Action item — From the line containing "L'Alchimista" through the end of the entries, please repeat every line exactly and nothing more; the pictures do not belong in the copy.

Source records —
************
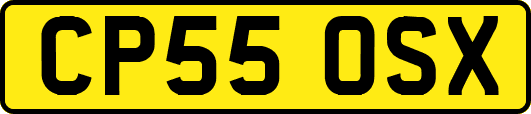 CP55OSX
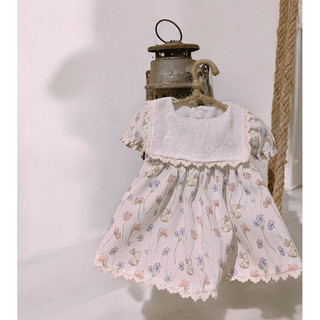PHỤ KIỆN JELLYCAT - Đầm và roomper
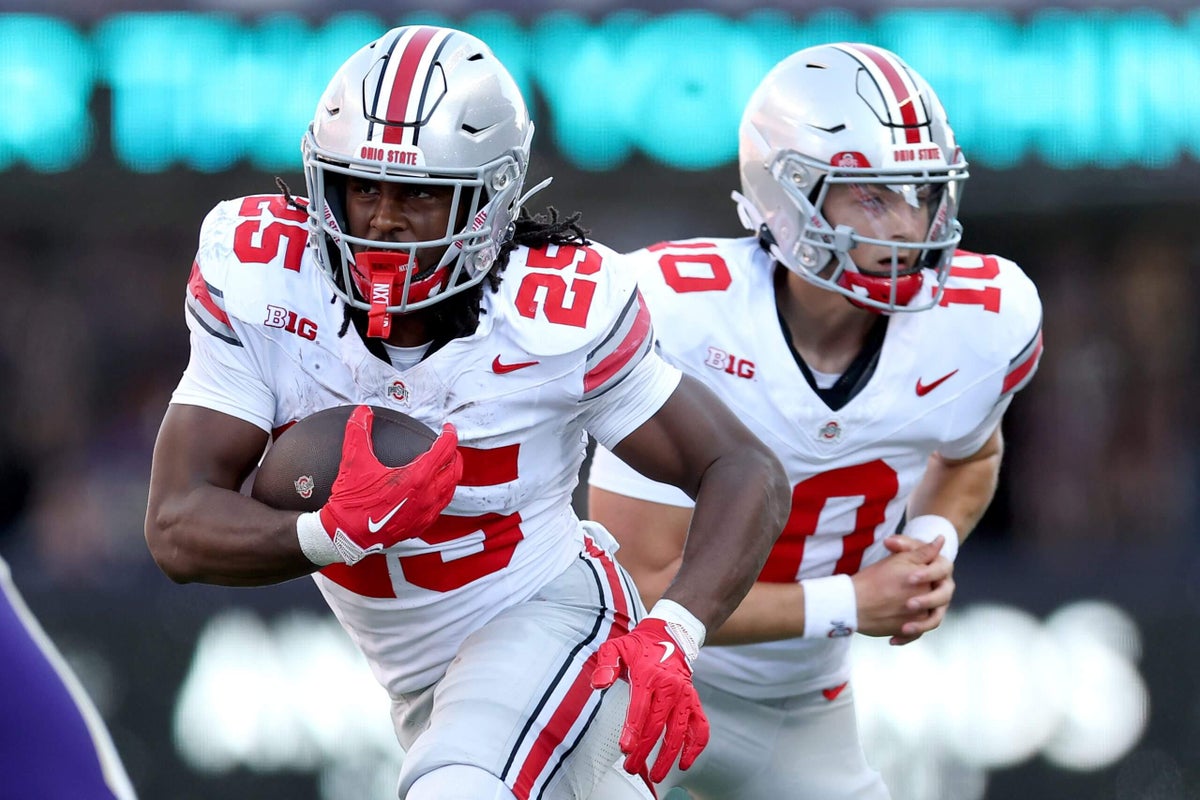 How many games will Ohio State win? Who will take home awards? Our early 2026 predictions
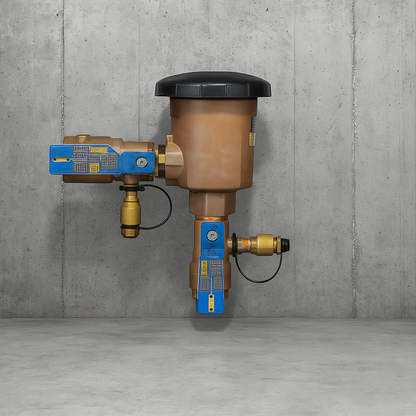 3/4 in. 720A Pressure Vacuum Breaker Assembly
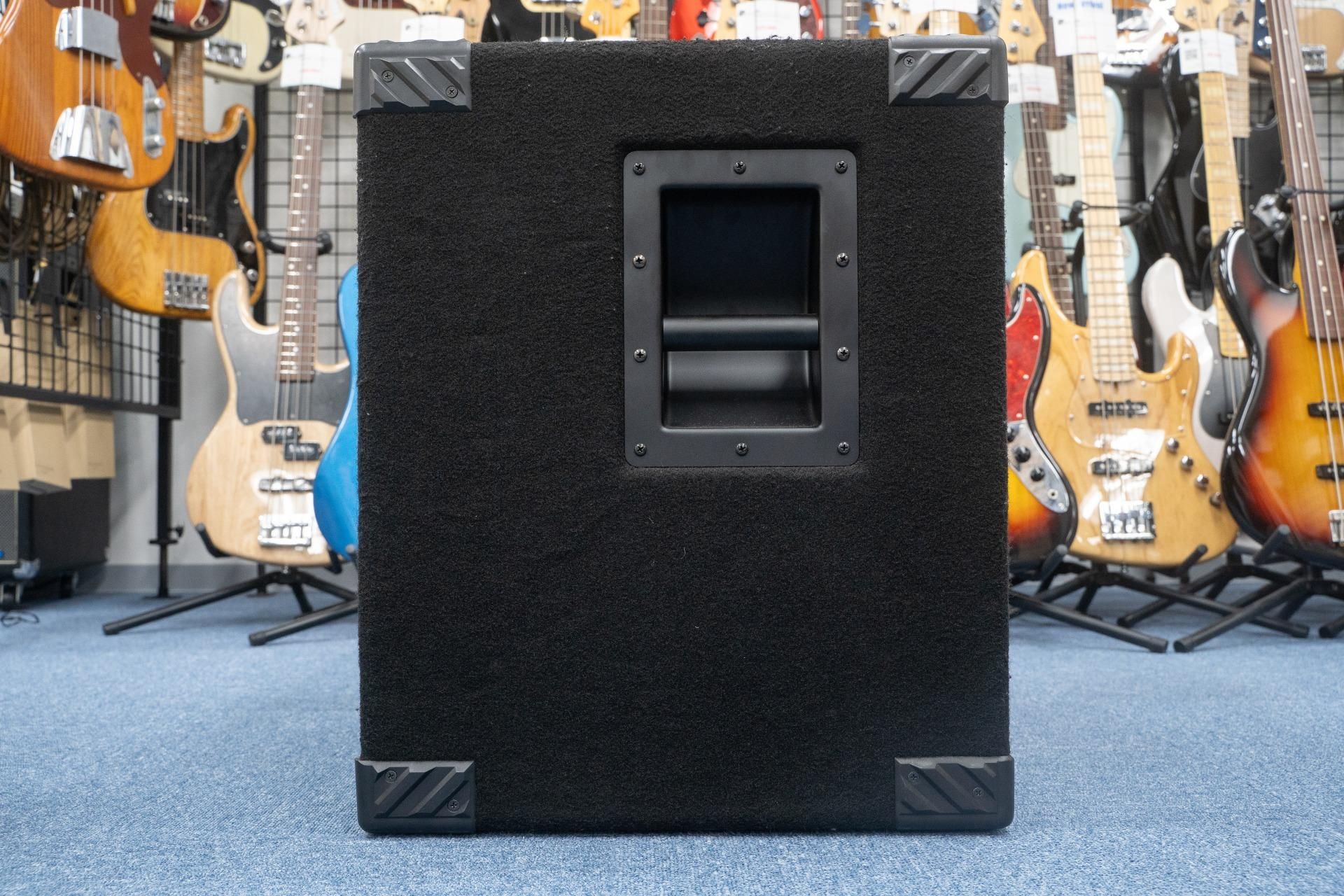 used】Epifani / T115UL 4Ω 400W【GIB横浜】 - Geek IN Box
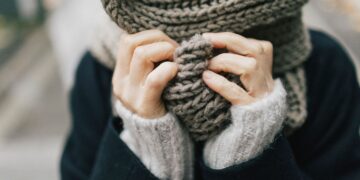 На Закарпатті різко похолодає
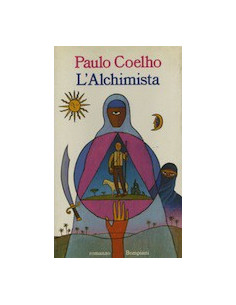 L'Alchimista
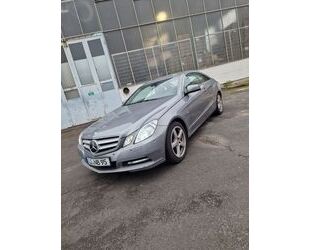 Mercedes-Benz E 300 Gebrauchtwagen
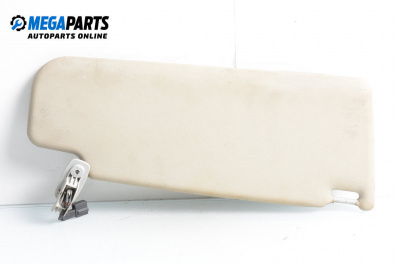 Sun visor for Volkswagen Passat III Variant B5 (05.1997 - 12.2001), position: right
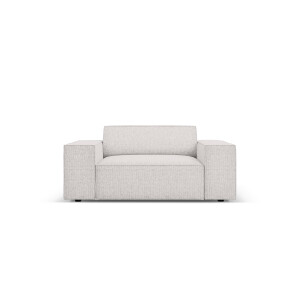 Fauteuil Jodie chenille | Micadoni Home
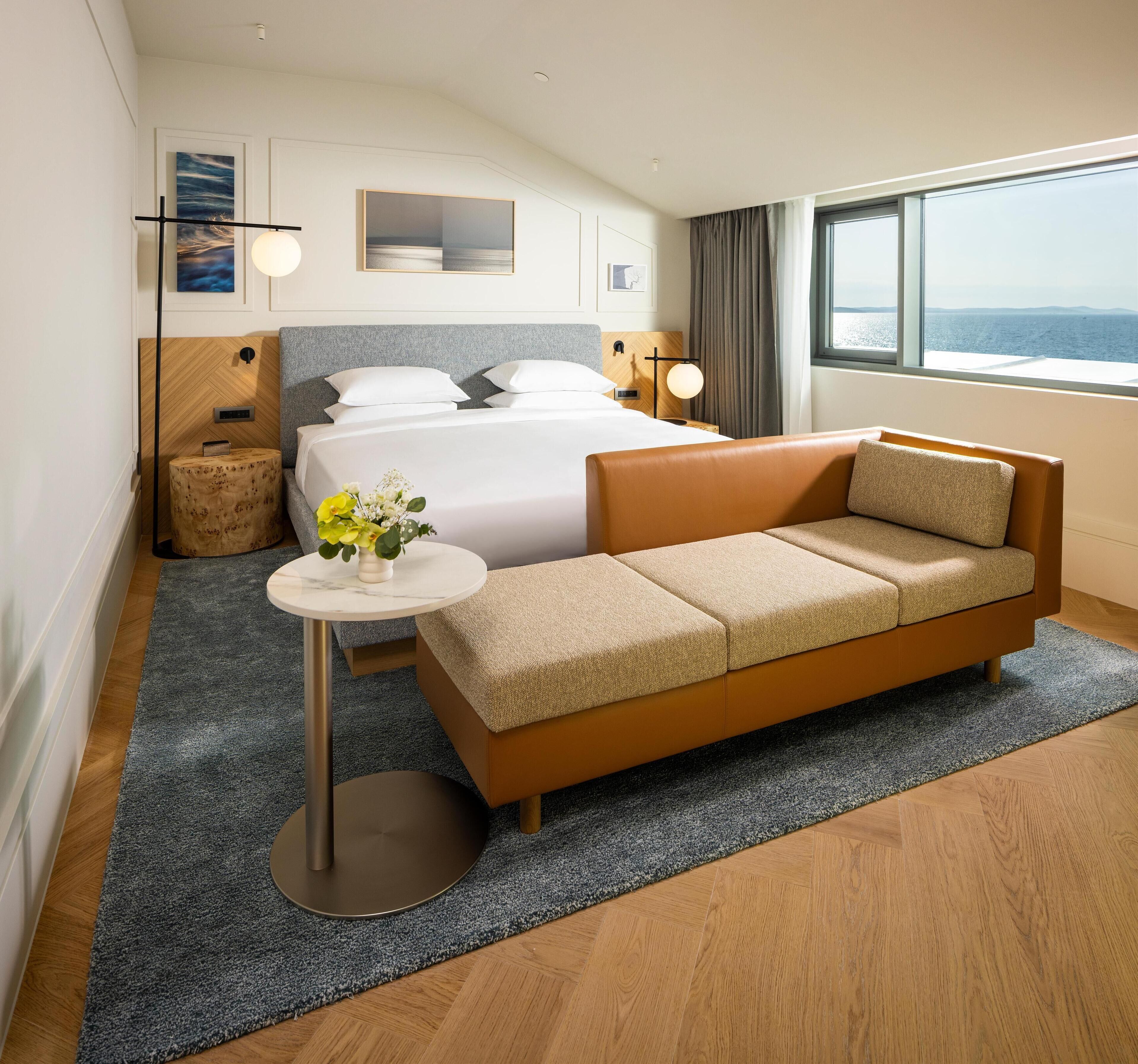 Photo - Hyatt Regency Zadar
************
Response box —
 L'Alchimista
 Mercedes-Benz E 300 Gebrauchtwagen
 Sun visor for Volkswagen Passat III Variant B5 (05.1997 - 12.2001), position: right
 Fauteuil Jodie chenille | Micadoni Home
 Photo - Hyatt Regency Zadar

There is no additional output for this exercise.